- Opening Delimiter -
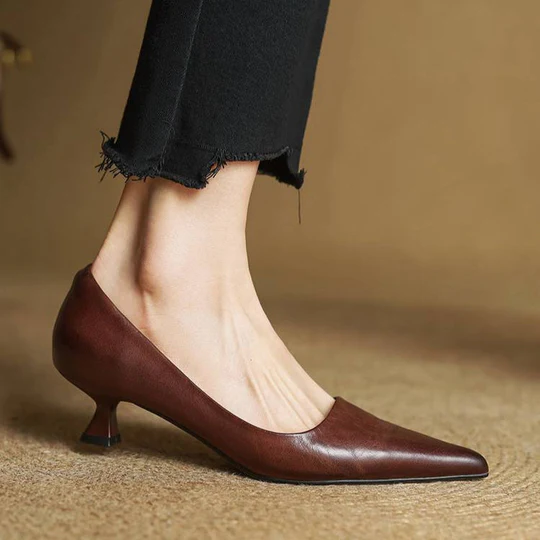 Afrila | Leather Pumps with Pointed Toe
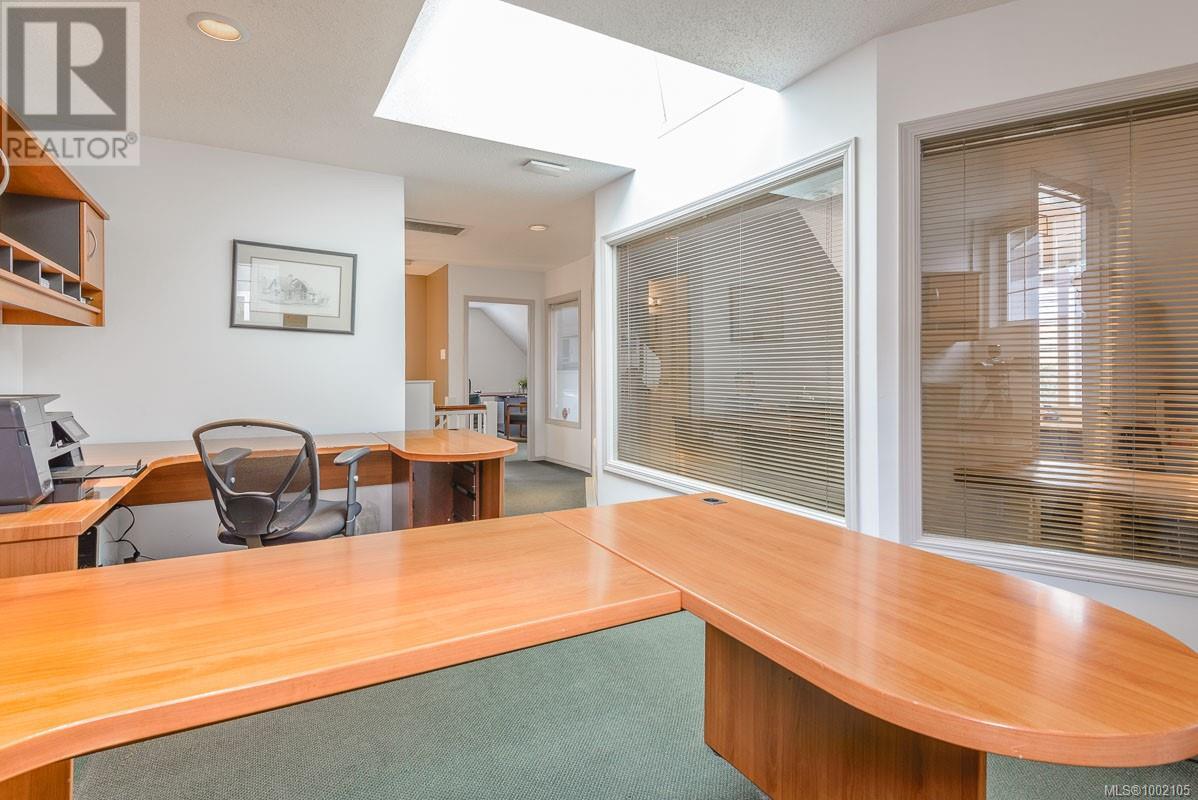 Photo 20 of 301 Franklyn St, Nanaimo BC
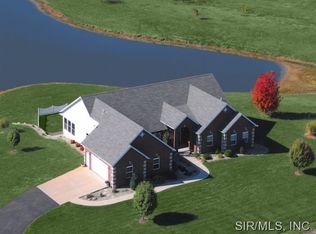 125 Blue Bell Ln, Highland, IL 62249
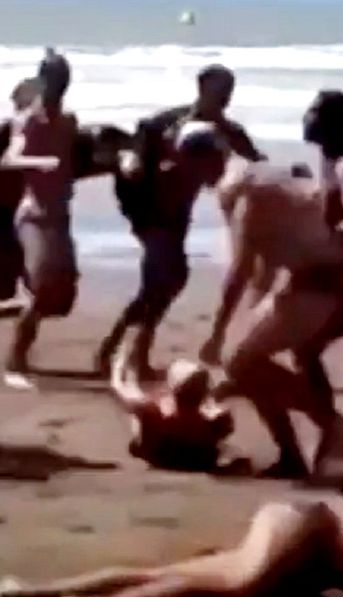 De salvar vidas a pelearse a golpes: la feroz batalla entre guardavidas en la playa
- Closing Delimiter -
- Opening Delimiter -
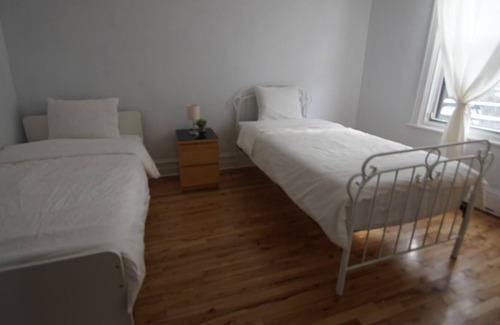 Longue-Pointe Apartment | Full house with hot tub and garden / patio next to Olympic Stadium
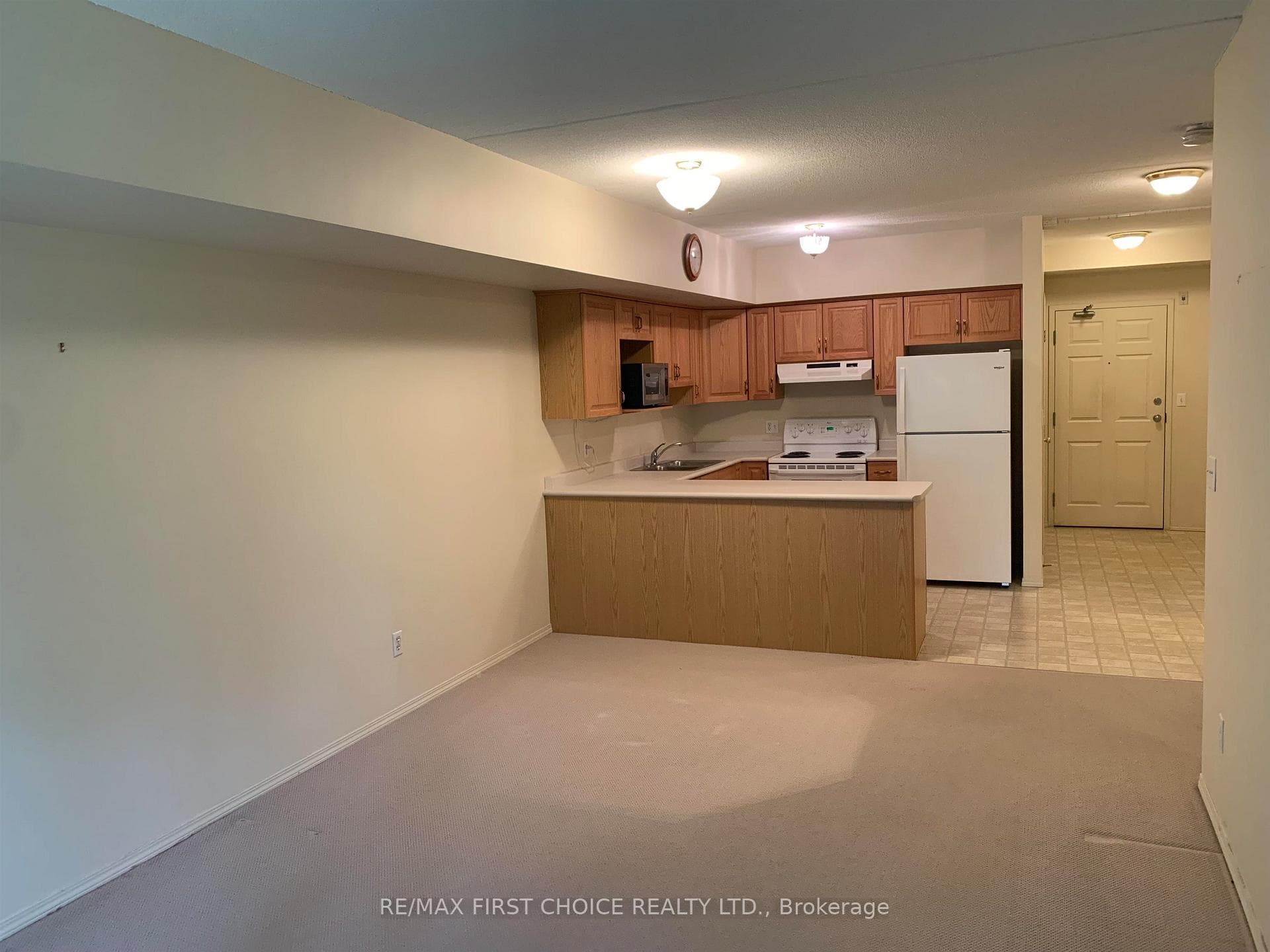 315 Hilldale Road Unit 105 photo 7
- Closing Delimiter -
### Work instruction
Above are records with pictures. Reproduce exactly only the lines from the line with "Afrila | Leather Pumps with Pointed Toe" through the line with "De salvar vidas", both ends included, and leave the pictures out.

### Your response
 Afrila | Leather Pumps with Pointed Toe
 Photo 20 of 301 Franklyn St, Nanaimo BC
 125 Blue Bell Ln, Highland, IL 62249
 De salvar vidas a pelearse a golpes: la feroz batalla entre guardavidas en la playa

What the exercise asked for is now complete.